I found that once I got over the hurdle of learning emacs, the friction in
managing tasks once you have learned the tool is nearly nil.

Further, it definitely supports embedded latex fragments, exporting to pdf,
etc.

------
rvn1045
Im doing pretty much the same thing since the beginning of the year. the
absolute biggest thing thats helped me is meditating for 1-2 hours a day. when
you don't have distractions and you have meditated for that long - you get
laser like focus, super clear thinking, and ability to absorb and synthesize
way more information. funny the article mentions self actualization - I did
not start of with that goal in mind and starting to meditate introduced me to
a lot of literature around religion - and you start looking at your life in a
completely different way.

------
octygen
I'll be really honest. I haven't done it ever and I regret it. I AM planning
what I call a monk year now. I also interview people that have done it so I've
been on the other side.

Conclusion: It's really all about a plan first, discipline about the plan's
boundaries and self-confidence when you present your achievements after. Else
you may be viewed as a lazy hedonist.

E.g., My PLAN is to take year to train for an Ironman. That's about 4h a day
on average. I'd also eat well, stretch and keep up with the ancillaries of
such hard training to prevent injuries. Then I'd be studying 4 online courses
à day in whatever I want. My goal would be to finish a few nanodegrees and a
few specializations on Coursera. Courses would be about 5h per day. Every day,
non-stop. At the end, I would have done one Ironman AND add a whole lot of
skill to my arsenal. It's not cheap - calculated it to be about $40K so far
with a mortgage and rent to pay but I'm working on creative ways to lessen
this. Last but not least, I have three non-profit projects I want to do. One
huge dream, one medium, one small. If I went to an interview à year after this
starts having been disciplined enough to accomplish even 75% the above, I'm
pretty sure not even the hardest interviewer would be skeptical.

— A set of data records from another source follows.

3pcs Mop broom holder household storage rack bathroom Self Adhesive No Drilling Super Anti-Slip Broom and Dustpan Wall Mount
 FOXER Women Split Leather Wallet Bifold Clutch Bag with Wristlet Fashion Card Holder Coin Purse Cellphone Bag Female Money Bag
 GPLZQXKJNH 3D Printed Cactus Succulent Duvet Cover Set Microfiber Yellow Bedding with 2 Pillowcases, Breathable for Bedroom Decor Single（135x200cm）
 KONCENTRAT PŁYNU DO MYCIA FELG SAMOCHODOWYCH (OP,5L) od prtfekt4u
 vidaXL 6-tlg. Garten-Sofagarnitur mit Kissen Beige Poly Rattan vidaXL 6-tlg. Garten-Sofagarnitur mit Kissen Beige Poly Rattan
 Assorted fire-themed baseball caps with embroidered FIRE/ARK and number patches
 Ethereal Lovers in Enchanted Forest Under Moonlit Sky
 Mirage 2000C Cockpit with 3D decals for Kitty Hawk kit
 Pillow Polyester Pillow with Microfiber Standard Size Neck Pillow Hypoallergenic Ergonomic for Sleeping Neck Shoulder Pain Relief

Basically, I view the monk year as the year where I still grind. But I grind
to add value to yours truly NOT the corporation.

------
ffanon
I've managed to get myself into what some might consider an ideal situation: a
half-time job at BigCo. It means my work at BigCo is more interesting and
condensed, and of course it means I have all the time in the world for side
projects. BigCo total comp is so incredible that half of it still pays the
bills in ExpensiveCity.

Except all the challenges echoed by others in the comments are real:
overcoming procrastination and doing focused work. Actually the former I can
manage, the latter is harder. All I have to show for side project time is a
long list of smaller projects, I can't manage to take one of them and
build/polish it into something significant. Somehow having the choice 100 fun
project makes devoting time to just 1 super hard.

Maybe half-time off to some extend is worse for procrastination than full-
time, since I can always fall back on my work at BigCo as a sign of progress
in my life.

This situation should be ideal, I know the path I should take, the opportunity
is there for the taking, but so far have not managed.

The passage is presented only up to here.